### STORED DATA
+++++
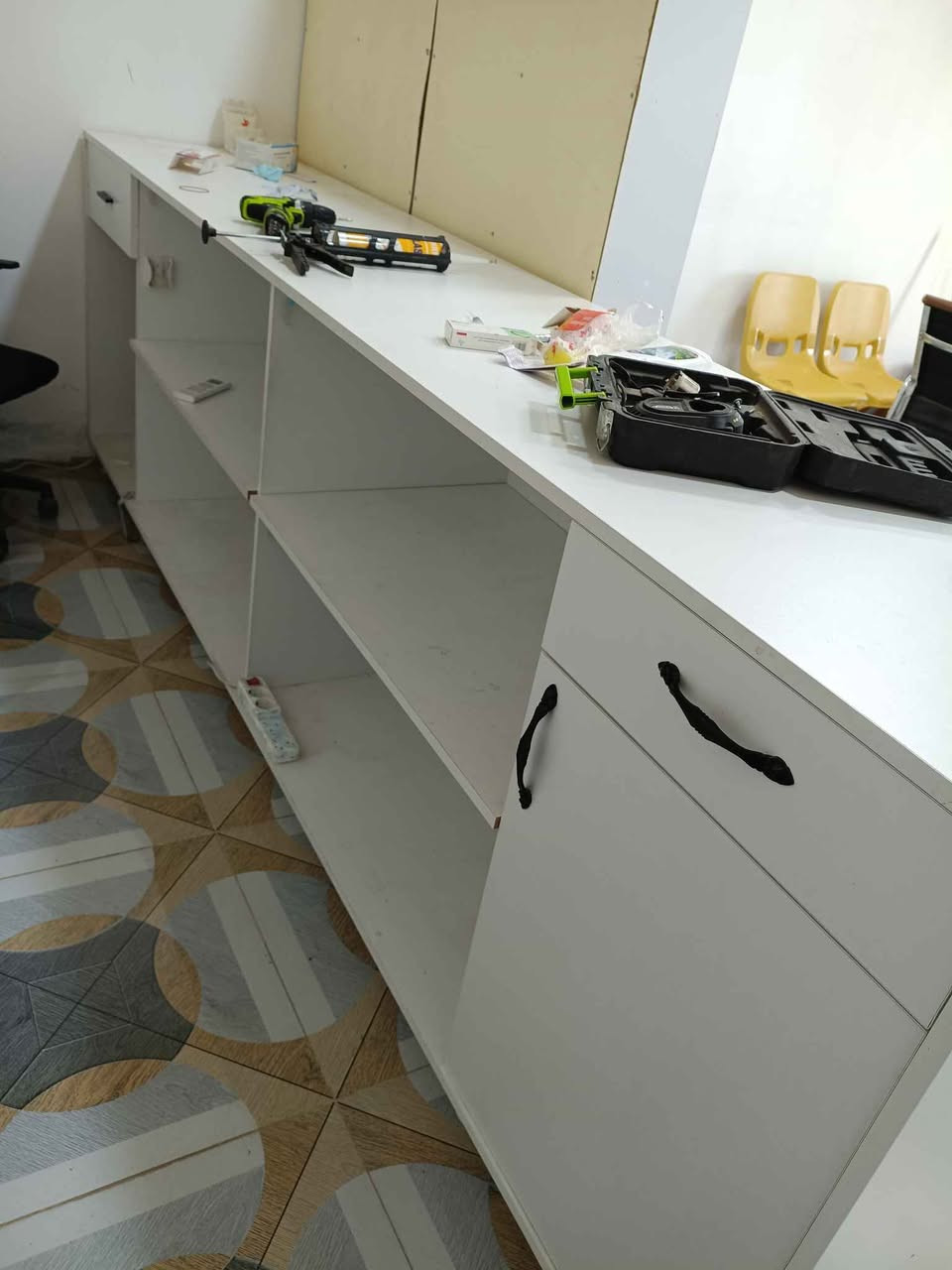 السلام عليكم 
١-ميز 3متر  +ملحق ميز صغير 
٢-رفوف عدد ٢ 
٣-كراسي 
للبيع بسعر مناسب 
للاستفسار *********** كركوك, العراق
+++++
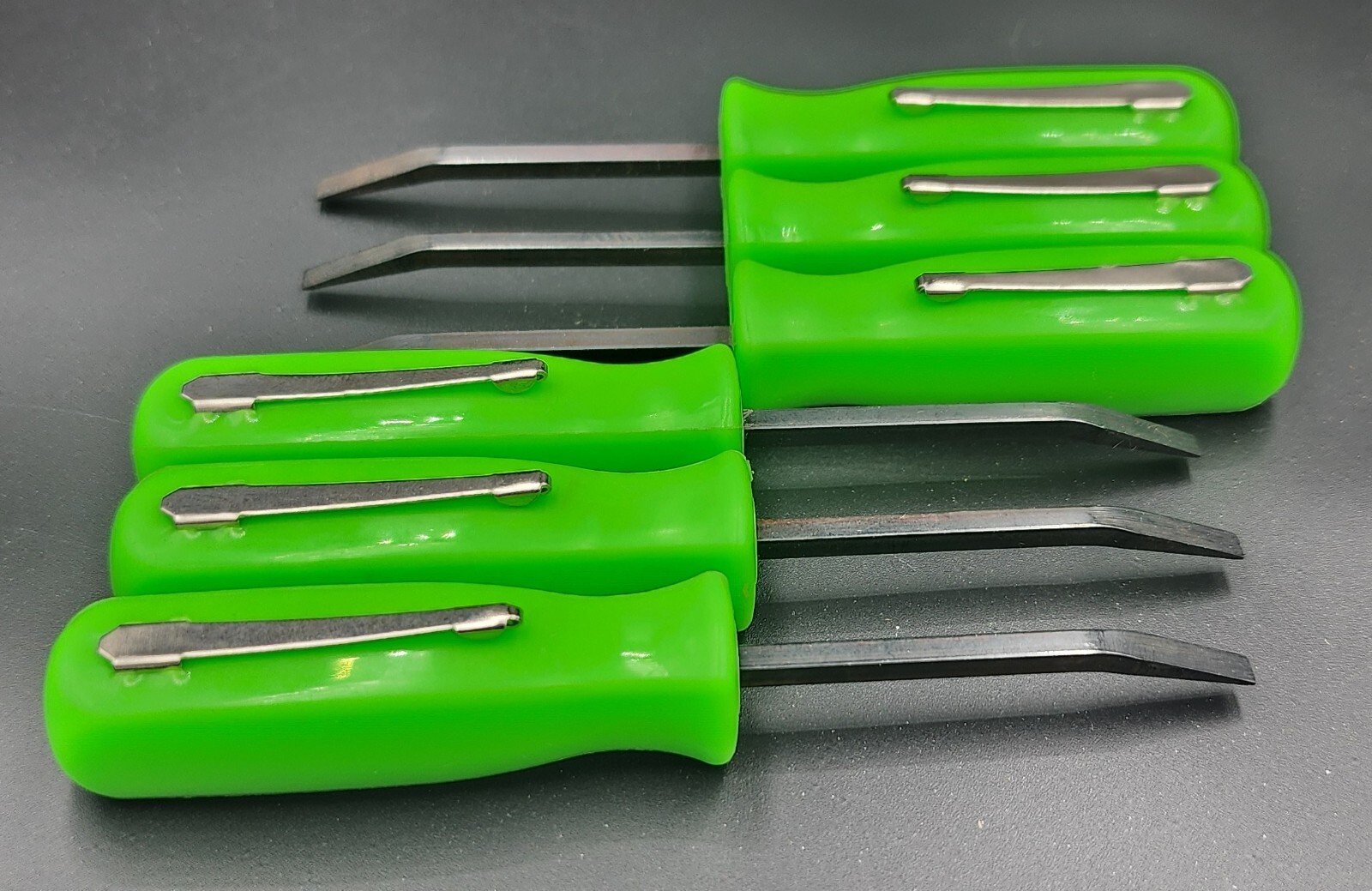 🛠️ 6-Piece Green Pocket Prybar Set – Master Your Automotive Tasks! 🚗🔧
+++++
### TRY IT
In the listing above, find the line with "٢-رفوف عدد ٢" and the line with "للاستفسار *********** كركوك, العراق", then reproduce both and every line between them exactly.

### ANSWER FOR THE TASK
٢-رفوف عدد ٢ 
٣-كراسي 
للبيع بسعر مناسب 
للاستفسار *********** كركوك, العراق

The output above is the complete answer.